Did anyone else tune in to the premiere? And for those who regularly watch, what am I missing? Is it usually better? I'm willing to be convinced.

* A show which may have had too much heart in the last few seasons. I definitely suffered Ross/Rachel fatigue by the end

** It's not hilarious

Thursday, September 15, 2011

How a Dork Edits

While reading my manuscript, I realized to my embarrassment that I apparently have difficulty depicting the difference between weeks or months passing, so it's not always clear when everything is happening. So one of the first things I did before diving in to revisions was print out blank calendars! Fun!*

I then proceeded to fill in every major event, the exact day it occurs. It was dorky but made me feel settled, and ready to edit.

P.S. The photo is deliberately blurry as opposed to my usual "accidentally blurry." Can't give away all my plot secrets.

*I'm not being sarcastic. It was really fun!

Thursday, September 8, 2011

What Makes a Good Editorial Letter?

My first editorial letter arrived last Friday from the fantastic Maggie Lehrman.

I was nervous to open it, but once I did, I found myself nodding my head like a madwoman and feeling a rush of excitement as I realized how much stronger Maggie's changes will make the story, and how well she knows the characters.

What makes the letter so good?

1. Praise goes a long way. Maggie started out by telling me her favorite parts, which immediately set me at ease and reminded me it's all going to be okay; she likes the book! That's why she bought it!

2. It's very organized: the perfect recipe for revisions. It doesn't jump all over the place; it's divided into categories so I can follow along easily and see how everything fits together. I'm confident if I follow instructions, I'll end up with a delicious cake.

3. It's clear and specific. Maggie didn't give me vague suggestions like, "fix the humor/emotion/tension/romance/mystery [insert attribute]"; she clearly laid out exactly what she felt might be improved, and then gave precise examples of how and why. As I read the letter, I could immediately picture what I needed to do. (Now it's just a matter of getting down to it...)

The next morning, I woke up early, ripped open my new package of red pens (see above), and started jotting feverish notes in the margins of scenes I wanted to flesh out or change.
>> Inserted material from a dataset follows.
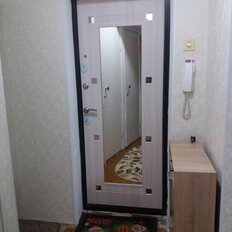 Квартира 43 м², 2-комнатная - изображение 4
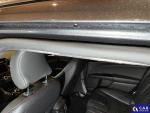 Ford Mondeo ST-line, dragkrok, backkamera, Aukcja 290183 - grafika 26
It's been exhilarating so far. I've got work ahead of me for sure, but Maggie's notes were so helpful and spot-on to me that I won't feel "right" about my manuscript until I've made these changes.

I feel very lucky to have an editor who believes in my writing and could see things in it that I didn't see, and who's willing to work with me to create the best version of the story possible.
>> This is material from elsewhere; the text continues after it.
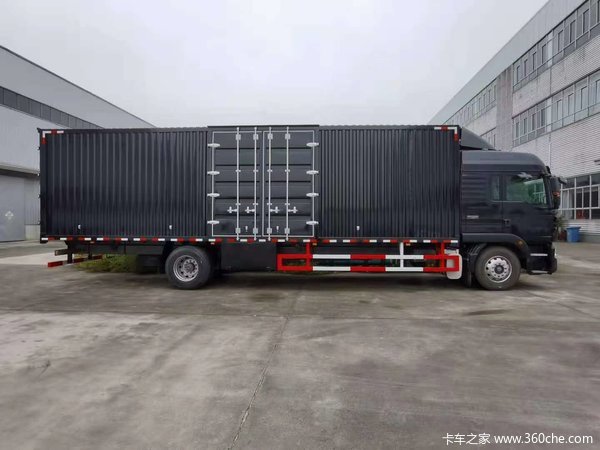 �Ż�0.5�� �Ϻ�HOWO TX5�ػ������ȴ�����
What do you look for in critique notes or edits? 

Thursday, September 1, 2011

Dear Teen Me, and My First Online Interview

Have you checked out Dear Teen Me yet? It's a place for authors to address their teen selves and offer advice, comfort, warnings, and occasional pleas (my favorite remains: "Don't perm your hair").

Earlier this week I contributed a post about vague teenage dysthymia and the heartbreak of cat allergies, complete with photos of my hairsprayed '80s bangs and "why did these exist" striped jean shorts. Even more exciting, the creators of Dear Teen Me announced their anthology book deal! Wish them well here.

A few days later, I sat down for an online video interview with the wonderful Jeff Rivera of Author Learning Center. Jeff was a terrific interviewer who immediately put me at ease, and he didn't seem put off by my "I'm still getting over a cold, fear me" voice.

We discussed my upcoming book Bruised and YA books in general, touching upon what elements might make YA compelling to readers and how to create realistic dialogue.

I'll let you know where and when to find the video once it's been edited (and auto-tuned, haha).